Nouvelle bourde ? Sur les prisons françaises, elle dit que celles-ci sont "presque les plus pires au niveau planétaire"... "Presque" ? Compte-t-elle dans les "pires" les prisons chinoises ?

Les OGM arrivent... Le réchauffement climatique (réduire par quatre les gaz à effet de serre) : comment ? Taxer le fret routier ? Ségolène évite la question et répond qu’elle avait été "visionnaire" il y a plus de "dix ans" en matière d’éco-économie... Cocorico... Donc les sept piliers signés avec Hulot, comme baisser la fiscalité pour les éco-activités (isolation). Quant à l’agriculture, il faut une logique gagnant-gagnant, toutes les agricultures doivent s’y mettre, et donc là aussi, modulation : aider celles qui protègent le mieux l’environnement : biomasse, biocarburant, filière bois, nappes phréatiques, etc., les paysans comme gardiens... Moratoire sur les OGM en plein champ car ils peuvent altérer les productions d’appellation contrôlée. Mais ne pas les supprimer. Ne pas non plus condamner les faucheurs illégaux. A boire et à manger donc... Et les chasseurs auront le droit de discuter de la date d’ouverture (ce qui implique une renégociation européenne avec une administration affiliée quasiment à Greenpeace, autrement dit rien ne se fera...).

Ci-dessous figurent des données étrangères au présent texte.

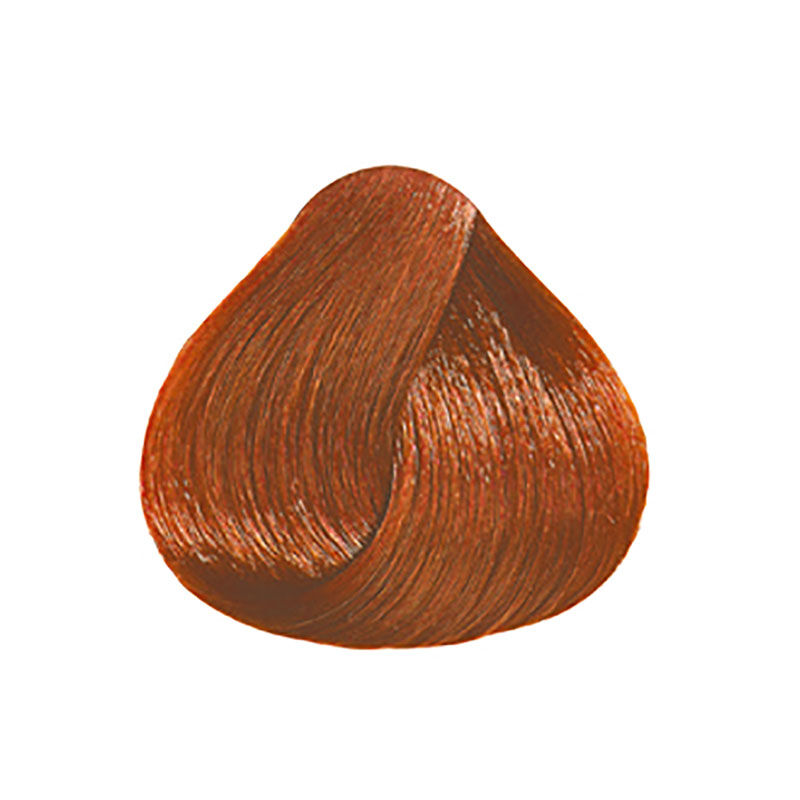 Coloration permanente The Couleur 7.40 Blond Cuivr&eacute; Intense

540 euros d’allocation rentrée scolaire sous condition de ressources : relancer le pouvoir d’achat ; soutien scolaire ; formation par alternance, apprentissage... La routine quantitative du toujours plus censée résoudre les problèmes...

Retour sur la délinquance et les attaques aux personnes qui ont augmenté de 80% en cinq ans : police de proximité à nouveau, le service public partout, "des petits délinquants de huit ans doivent être encadrés" ; mais la nuit ? Ouvrir le service public quand c’est nécessaire, donc supprimer un fonctionnaire sur quatre, comme le propose Sarko, est "impensable", dit-elle. Sauf que des entreprises privées peuvent remplir des tâches de services publics et sans doute mieux gérer... Évidemment Ségolène n’en parlera pas, ce qui est contradictoire avec son souci de réduire la dette et de ne pas aggraver les impôts, puisqu’une augmentation des tâches de service public avec plutôt des fonctionnaires devra bien être payé...

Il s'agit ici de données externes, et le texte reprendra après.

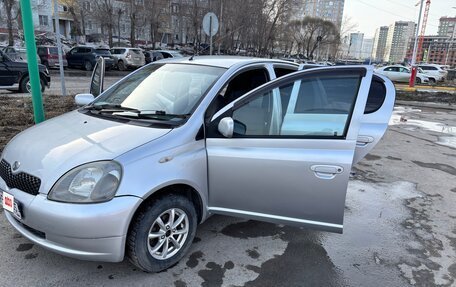Toyota Vitz, 2001 год, 330 000 рублей, 13 фотография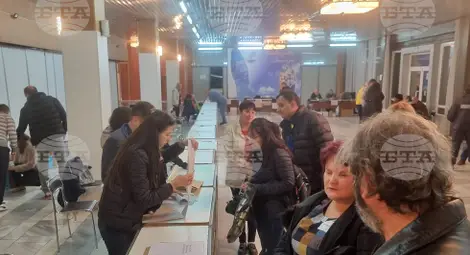 Снимка: БТА Снимка: БТА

Mais alors ? Comment faire un Etat modeste ? Alors qu’elle en veut bien un, d’ Etat modeste, oui, modeste nous voilà ! C’est ce que répond Ségolène à un agriculteur qui traite tous les politiciens de "fumistes" (très applaudi) et elle le lui dit tout sourire en s’appuyant sur le fait qu’elle a supprimé coupes de champagne et petits fours dans sa région. Et puis finis les ministres "nourris et blanchis avec toute leur famille" : au pain sec ? Non, sur leurs propres deniers... A boire et à manger, là aussi...

Conclusion ?

Du pragmatisme, de la modulation de fréquence, (habillée à nouveau en blanche tunique, elle revient à ses fondamentaux, abandonne l’écharpe rose et le tailleur rouge) mais elle s’arrête au milieu du gué : maman-Etat veut savoir si l’on dépense bien l’argent qu’elle nous prend au fond des proches pour le distribuer selon la "modulation" : mais comme le disent les deux femmes entrepreneuses, elles ne veulent pas de cet argent, elles veulent qu’on les laisse tranquilles, tout en ne voulant pas apparaître égoïstes ou contre l’idée de protection sociale.

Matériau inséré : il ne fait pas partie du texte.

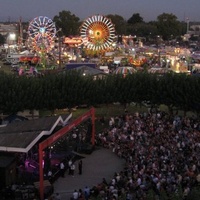 Lodi Grape Festivalgelände, Lodi, CA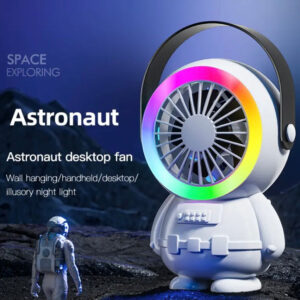 Astronaut Mini USB Fan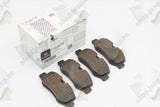 Mercedes-Benz OEM Brake Pads Set Rear (MPN: A4474206700)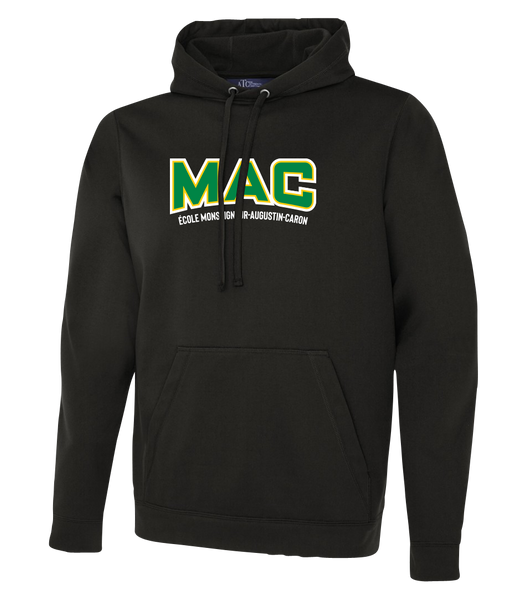 MAC Dri-Fit Hoodie With Embroidered Logo YOUTH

Ce point, central, n’a pas été creusé, (effleuré avec l’idée de sécurité sociale professionnelle), pas plus qu’avec Sarkozy d’ailleurs qui s’appuie plutôt sur la réforme du contrat de travail, ce qui fait peur évidemment...

En même temps, cela ne l’empêche pas d’avoir dix points d’avance sur Ségolène : oui, mais au second tour il perd contre Bayrou, et, cela, c’est nouveau ; ce qui veut dire que toute une frange de l’électorat des classes moyennes revient vers le centre gauche, puisque Bayrou occupe au fond la place des radicaux... Et, lundi 19 au matin, Bayrou sur RMC avait une idée intéressante en matière de caution immobilière : proposer une assurance à la place, tandis que Ségolène propose le public donc l’impôt ou la dette ; or, c’est bien cela qui ne semblait plus passer au soir du 19 : l’Etat, généreux avec l’argent des autres, ne peut plus jouer au grand seigneur en laissant croire que "l’Etat, c’est moi", que c’est son argent, la fête est finie, les illusions aussi, puisque les caisses sont vides, et, cela, les Français l’ont dit brusquement : dehors, les fumistes ! Pas mal, non, comme mot d’ordre venu du tréfonds ?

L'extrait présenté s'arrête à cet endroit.